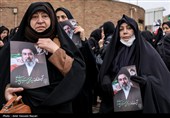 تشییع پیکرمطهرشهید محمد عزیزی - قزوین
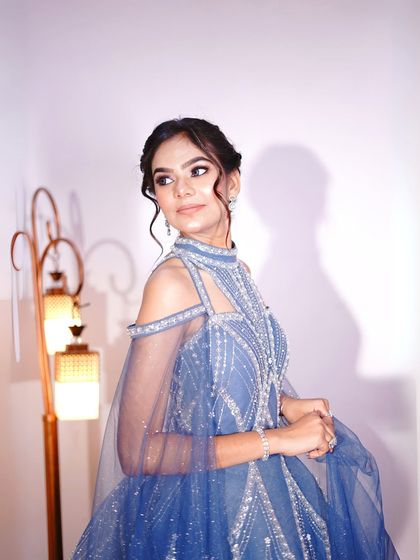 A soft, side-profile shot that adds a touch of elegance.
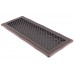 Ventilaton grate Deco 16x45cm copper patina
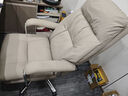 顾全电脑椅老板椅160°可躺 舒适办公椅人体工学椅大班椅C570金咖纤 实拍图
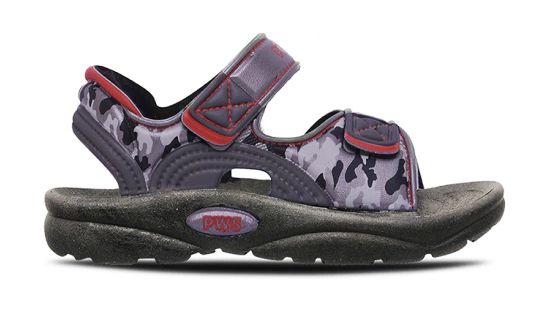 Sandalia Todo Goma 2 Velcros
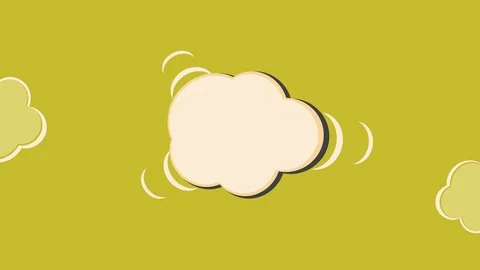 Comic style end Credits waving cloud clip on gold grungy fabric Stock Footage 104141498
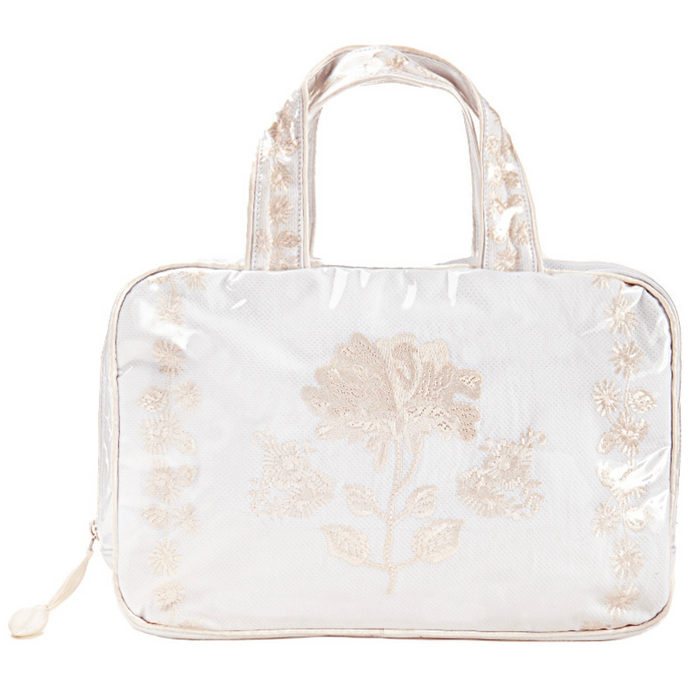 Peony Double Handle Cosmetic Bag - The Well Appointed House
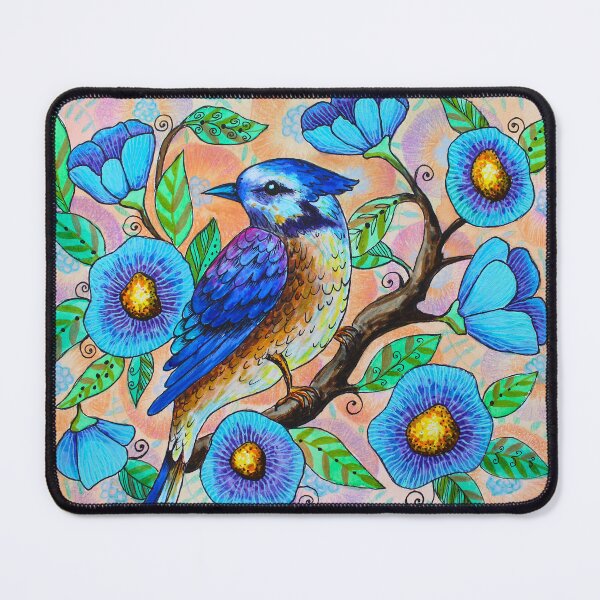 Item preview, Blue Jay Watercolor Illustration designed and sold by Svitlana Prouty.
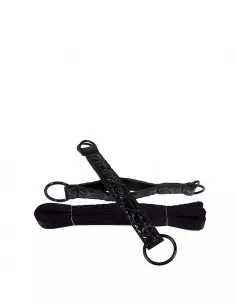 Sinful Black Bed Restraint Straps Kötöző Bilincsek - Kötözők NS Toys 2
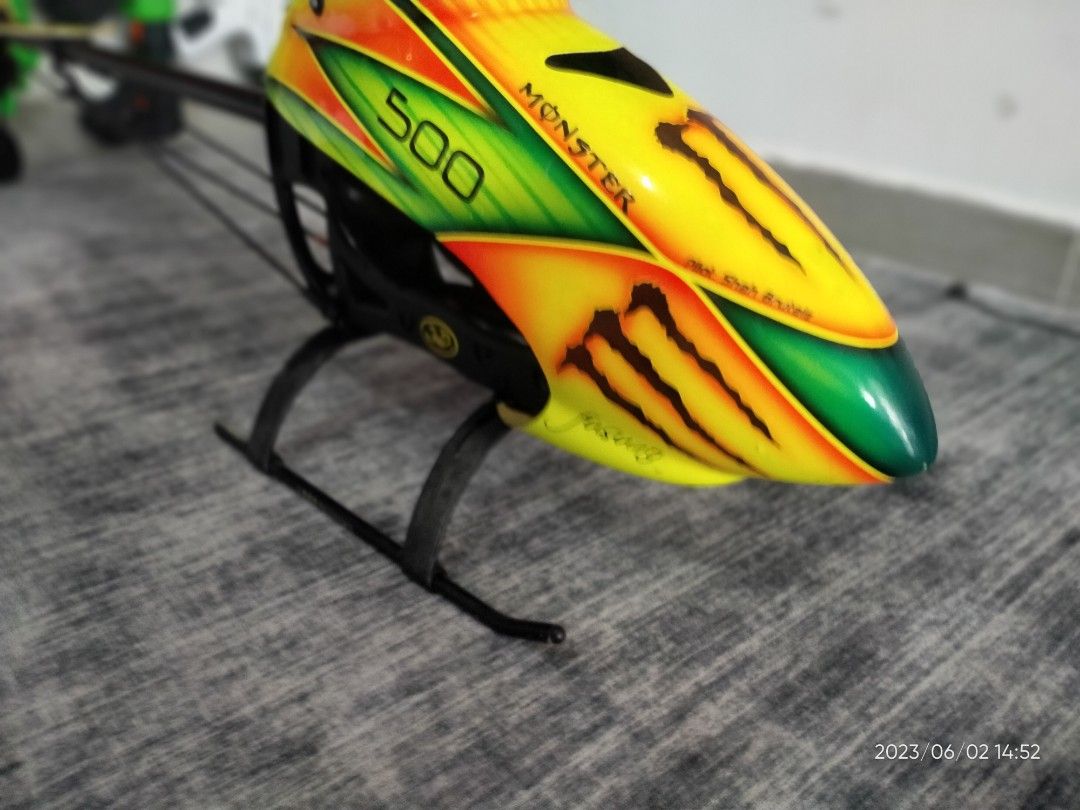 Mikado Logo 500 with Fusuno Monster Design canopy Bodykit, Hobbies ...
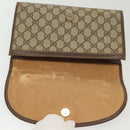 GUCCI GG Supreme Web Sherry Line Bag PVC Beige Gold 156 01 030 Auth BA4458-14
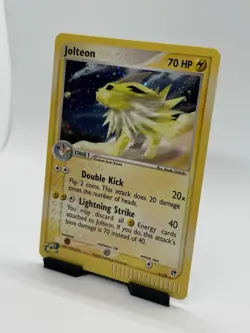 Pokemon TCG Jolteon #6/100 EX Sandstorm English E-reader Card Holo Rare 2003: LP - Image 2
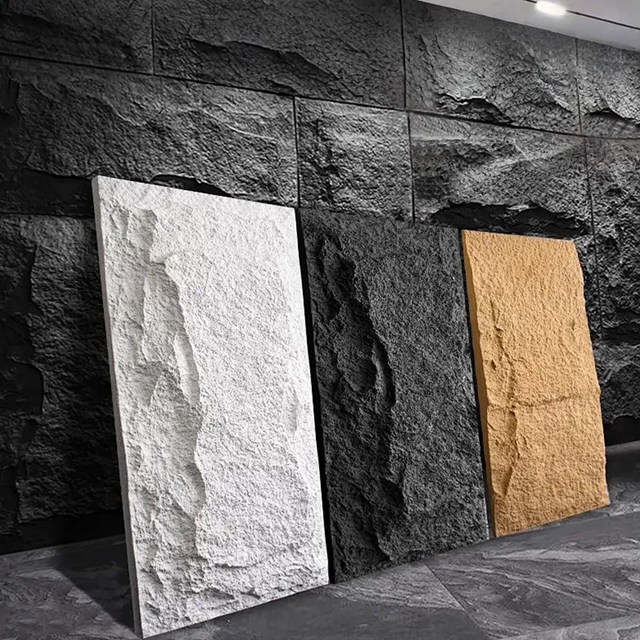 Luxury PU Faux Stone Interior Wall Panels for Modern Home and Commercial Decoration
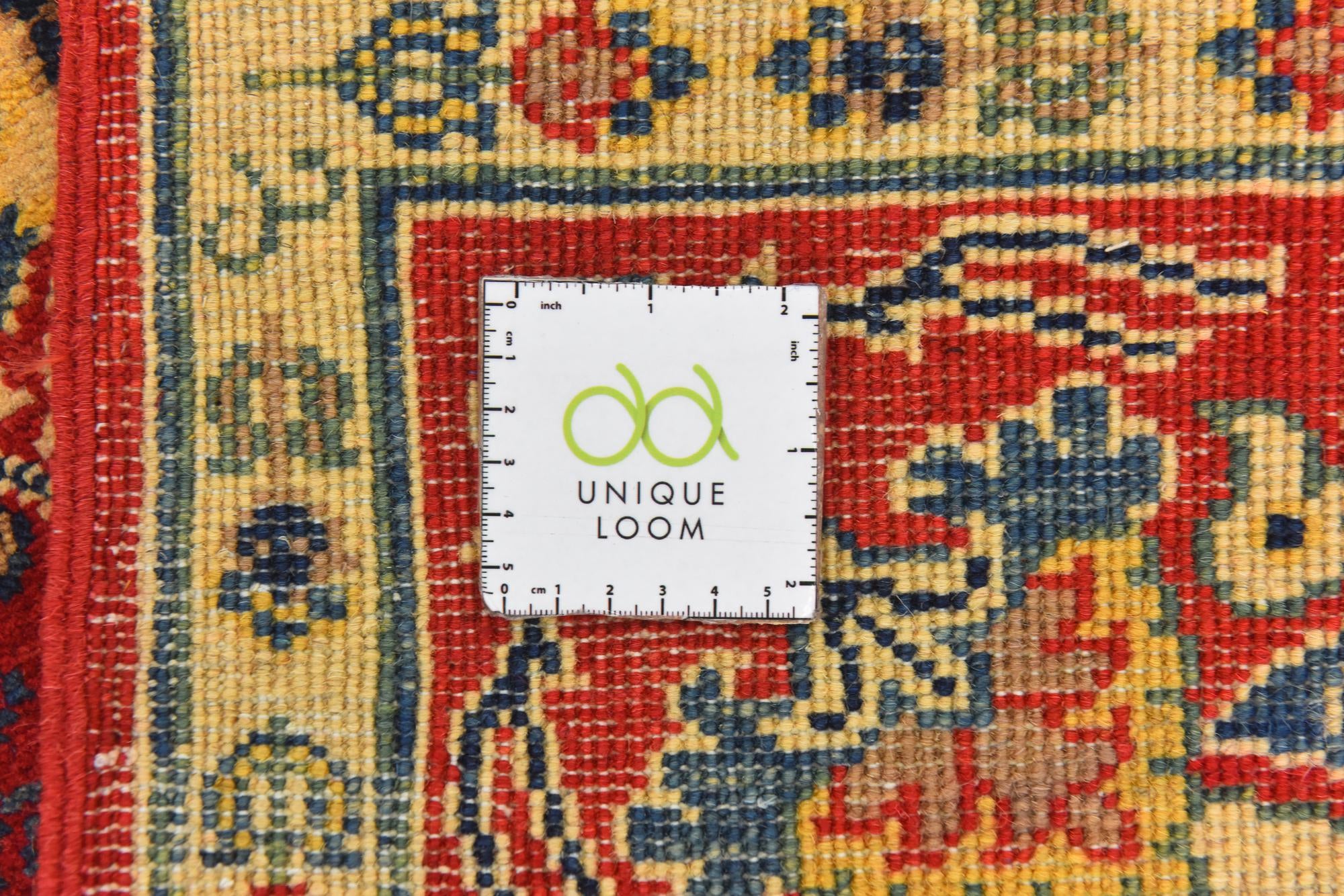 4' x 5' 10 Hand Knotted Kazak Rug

--

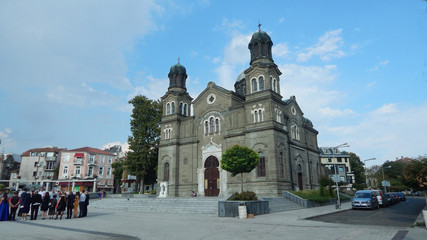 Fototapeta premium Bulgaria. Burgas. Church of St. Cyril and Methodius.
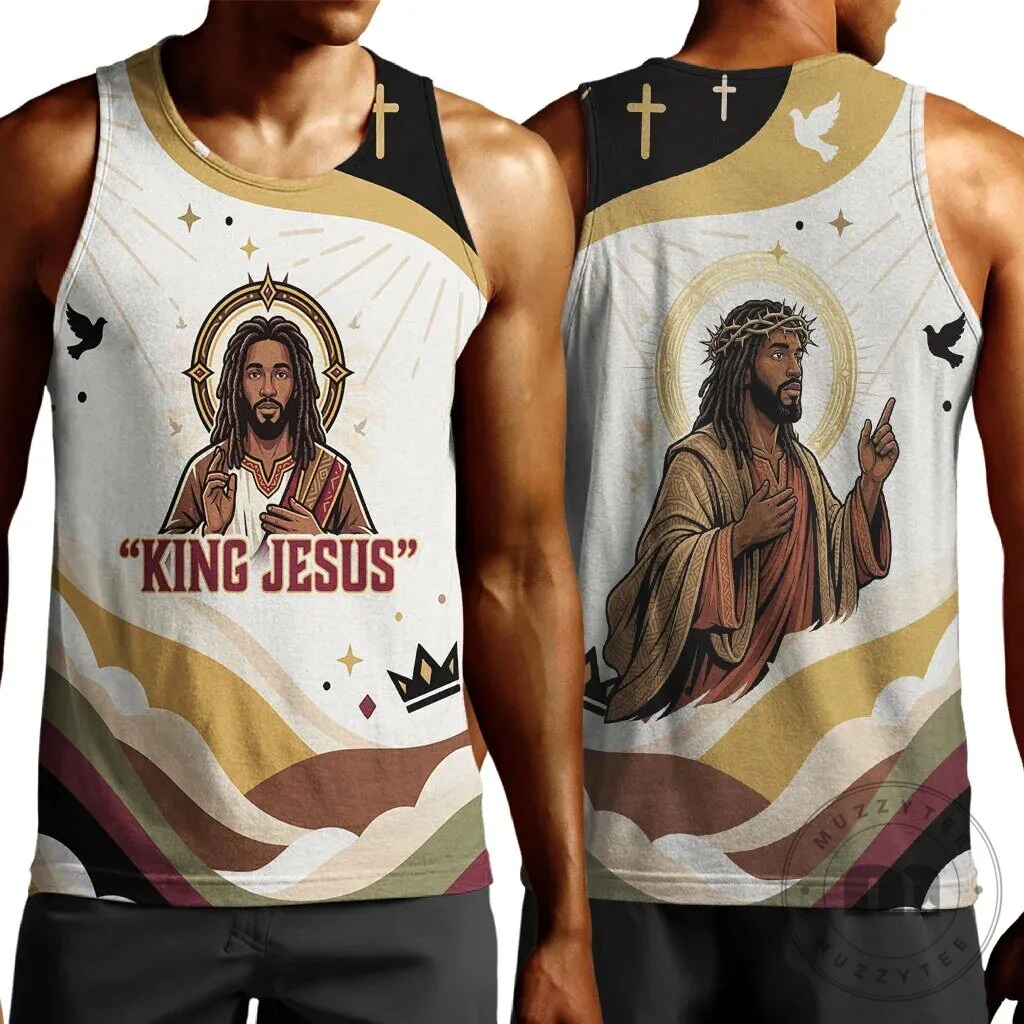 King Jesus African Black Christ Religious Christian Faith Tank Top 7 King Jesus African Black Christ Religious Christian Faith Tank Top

--

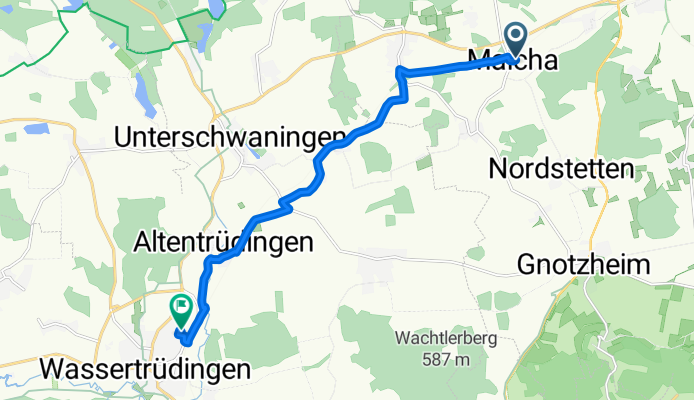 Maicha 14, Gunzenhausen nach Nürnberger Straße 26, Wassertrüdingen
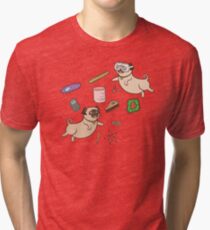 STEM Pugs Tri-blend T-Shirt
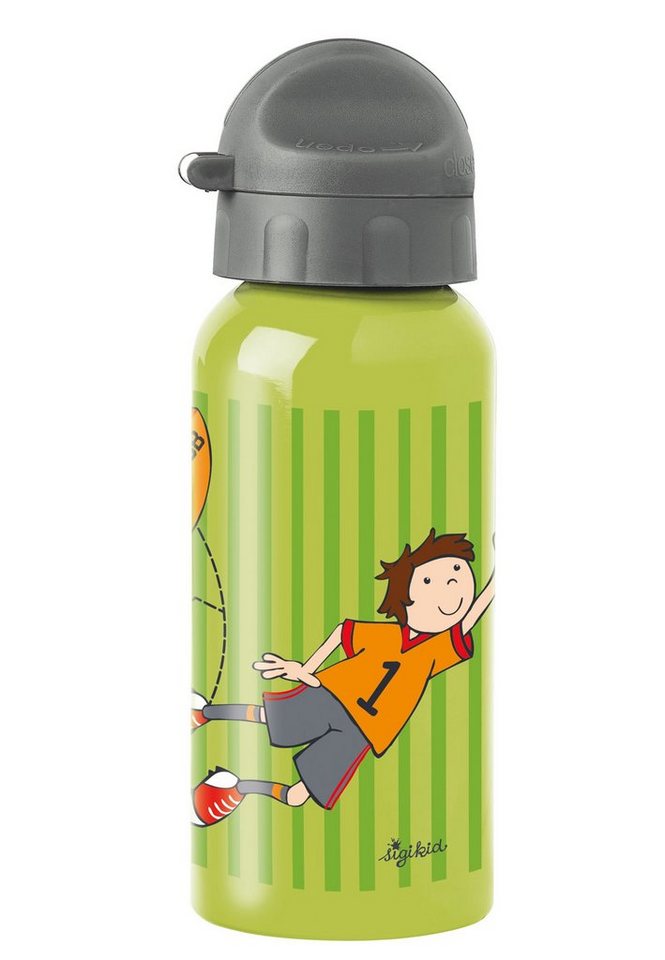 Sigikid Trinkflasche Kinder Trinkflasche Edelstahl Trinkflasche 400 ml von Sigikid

» Work order
Beginning with the line that contains "Sinful Black Bed" and ending with the line that contains "Pokemon TCG Jolteon", reproduce the listing exactly, pictures excluded.

» Answer to the exercise
 Sinful Black Bed Restraint Straps Kötöző Bilincsek - Kötözők NS Toys 2
 Mikado Logo 500 with Fusuno Monster Design canopy Bodykit, Hobbies ...
 GUCCI GG Supreme Web Sherry Line Bag PVC Beige Gold 156 01 030 Auth BA4458-14
 Pokemon TCG Jolteon #6/100 EX Sandstorm English E-reader Card Holo Rare 2003: LP - Image 2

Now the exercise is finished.